### EXERCISE AIM
Look through the entries below for the line with "Used Ford Fusion" and the line with "香港需要什么建材产品？从需求分析到供应保障", then give again exactly those two lines and all lines between them, minus the pictures.

### MATERIAL FOR THIS EXERCISE

^^^^^^^^

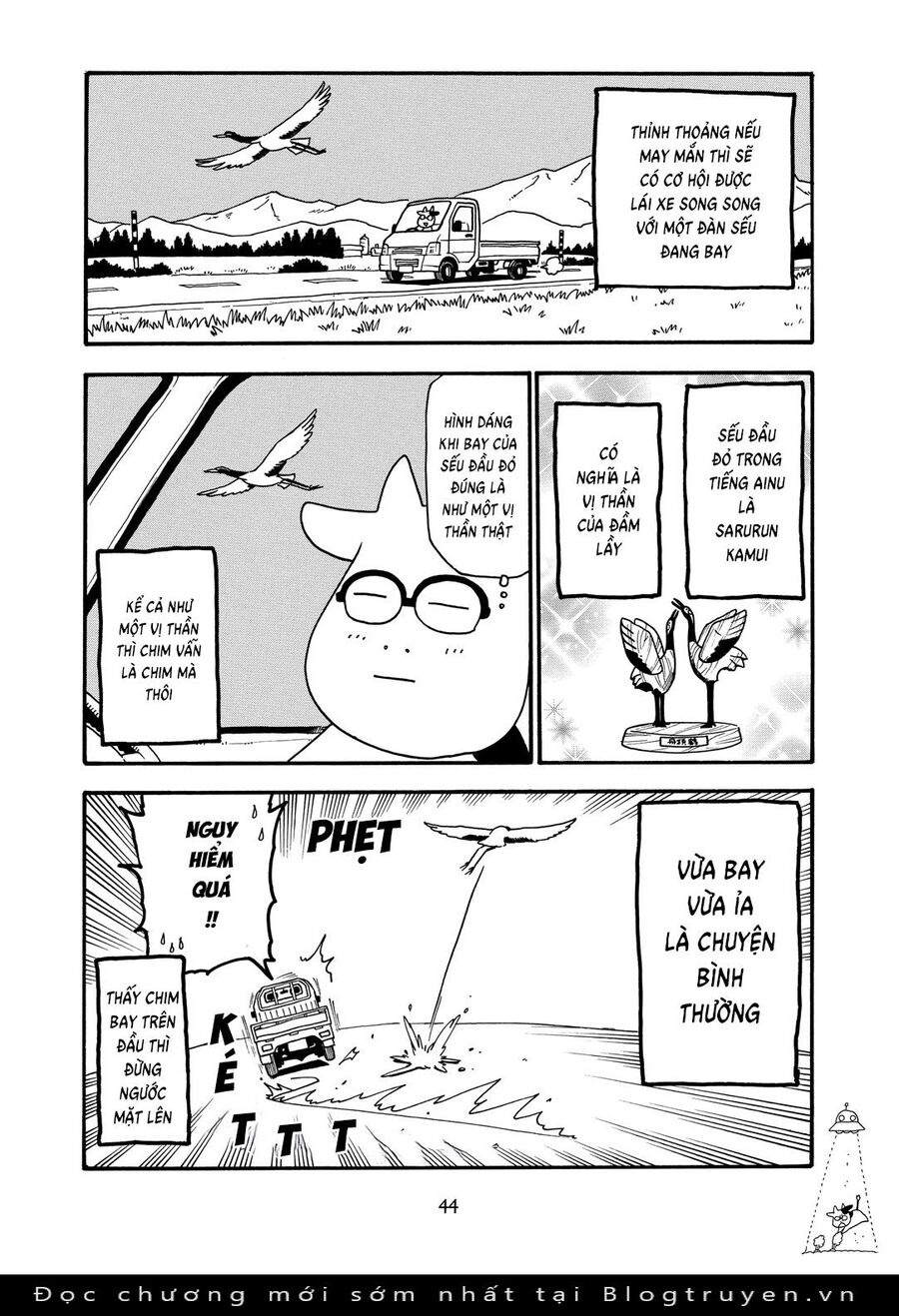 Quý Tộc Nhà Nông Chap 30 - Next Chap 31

^^^^^^^^

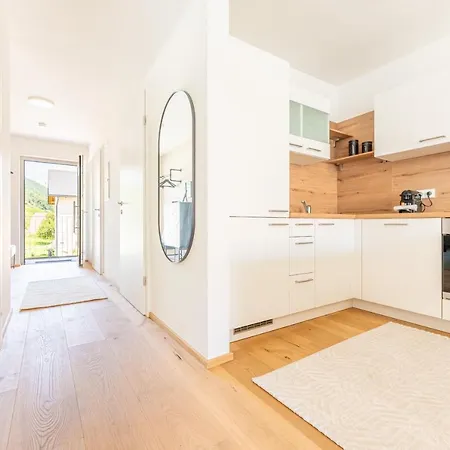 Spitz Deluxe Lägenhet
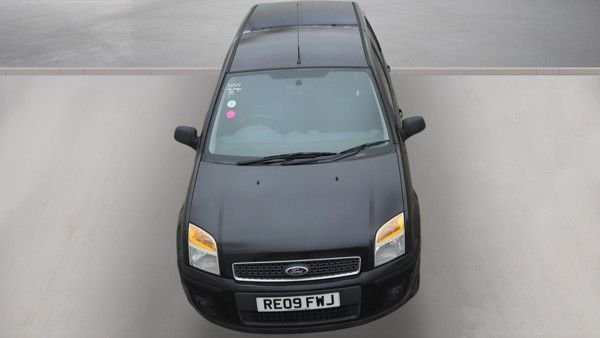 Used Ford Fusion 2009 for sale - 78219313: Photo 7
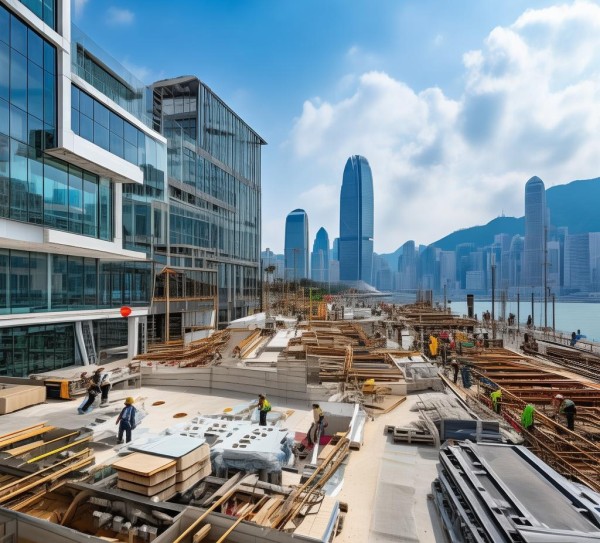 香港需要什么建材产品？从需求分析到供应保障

^^^^^^^^

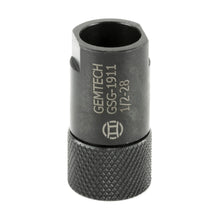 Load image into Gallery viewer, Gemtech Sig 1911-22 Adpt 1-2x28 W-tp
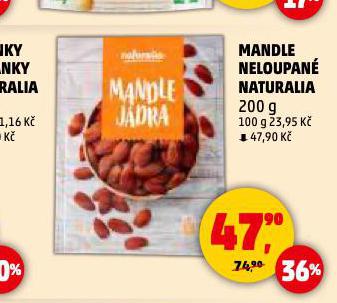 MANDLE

^^^^^^^^

### EXERCISE ANSWER
 Used Ford Fusion 2009 for sale - 78219313: Photo 7
 香港需要什么建材产品？从需求分析到供应保障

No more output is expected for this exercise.